Turbulence is bad for conventional turbines, not only reducing their efficiency, but also their lifespan. As a result, they are typically spaced far apart, and the wind that passes between them, according to Dabiri, is "wasted energy."
Small vertical-axis turbines placed in those open spaces can capture that wind and reduce turbulence for the conventional windmills around them.
In a study published this month in the journal Wind Energy, researchers from Stanford, Johns Hopkins, and the University of Delaware simulated the addition of small vertical-axis turbines to a conventional wind farm, and found the mix not only improves the performance of the farm, but also of the older turbines.
With the small turbines added, the mixed-turbine wind farm “produces up to 32 percent more power than the traditional one and the power extracted by the large turbines alone is increased by 10 percent, caused by faster wake recovery from enhanced turbulence due to the presence of the small turbines," according to the study.
Vertical-axis turbines also present less threat to wildlife.
"Of all the companies that are out there operating these, there have been no reported bird or bat strikes," Dabiri said. "This is for two reasons: one, of course, they’re closer to the ground so they’re not going to be necessarily in the flight corridor. But they also have this rotation around a vertical axis which has a very different visual signature than the very fast moving blades of a conventional wind turbine."

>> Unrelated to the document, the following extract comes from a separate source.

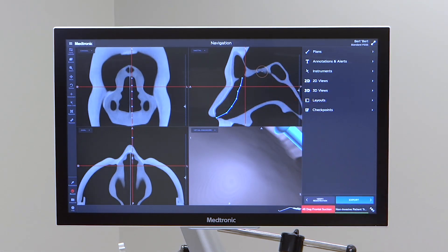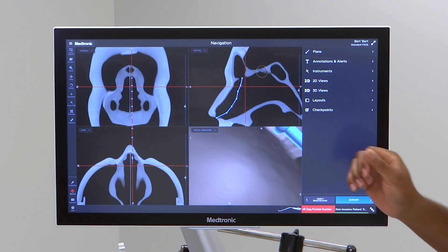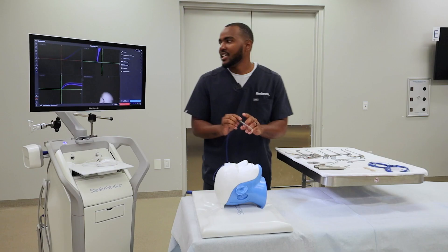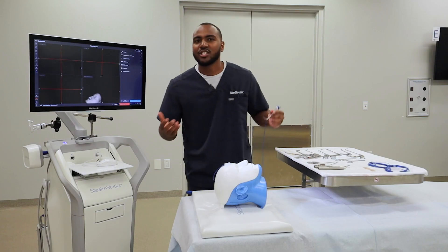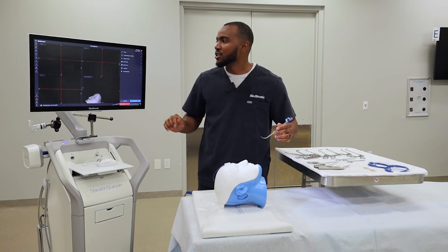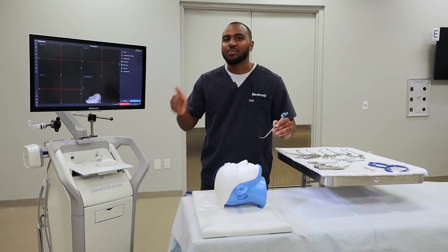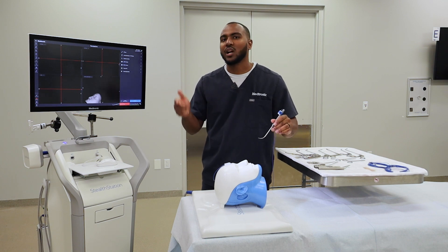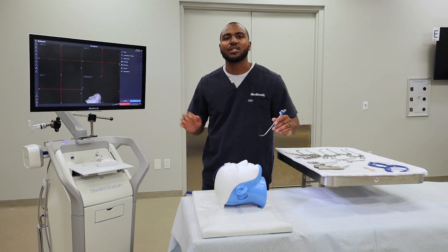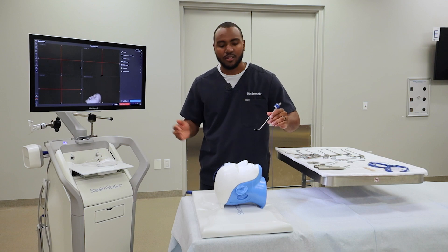The alert is perfect for marking critical structures. I'll now demonstrate with the virtual endoscope how the plan looks, as well as what happens whenever you get into an alert.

Dabiri presented his findings last week at Stanford University in a seminar sponsored by the Stanford Precourt Institute for Energy. One attendee asked whether the improved outlook for wildlife was merely theoretical.
"The data we have is that we’ve been running a field site in Southern California, we have about 25,000 hours of data now, and no bird strikes and no bat strikes. We’ve been doing monitoring at our site."
Windmills kill between 140,000 and 328,000 birds in the U.S. each year, according to a study published in 2013 in the journal Biological Conservation. For comparison, house cats kill 1.3 billion to 4 billion birds annually, according to the journal Nature Communications.
Vertical-axis wind turbines have 12-20 components, Dabiri said, compared to about 8,000 components in a conventional turbine, so they should have longer lifetimes and lower costs for operations and maintenance.
"Both of those are on paper—and I emphasize on paper— lower cost than the conventional system, but I don’t have a system I can point to today and say, that costs a dollar a watt to install or 2¢ or 3¢ a kWh. On paper it should be less expensive, and the models say it should be, but I wouldn’t believe it until I saw it."
The smaller turbines haven't caught on yet, Dabiri said, because the startup companies now producing them have not yet produced a design resilient enough to withstand the environment.
"There’s certainly interest in installing these wind turbines, but the challenge has been delivering a product that’s bug free. Most of the companies that sell these are startups that are still trying to work through the kinks of building something that will last 20 years," he said.
"There are a couple of companies that are close to having something that I would recommend to my parents to buy—that’s the metric that I use—but they’re not quite there yet. So there is still work to be done in terms of the reliability required, especially when you’re making so many of them."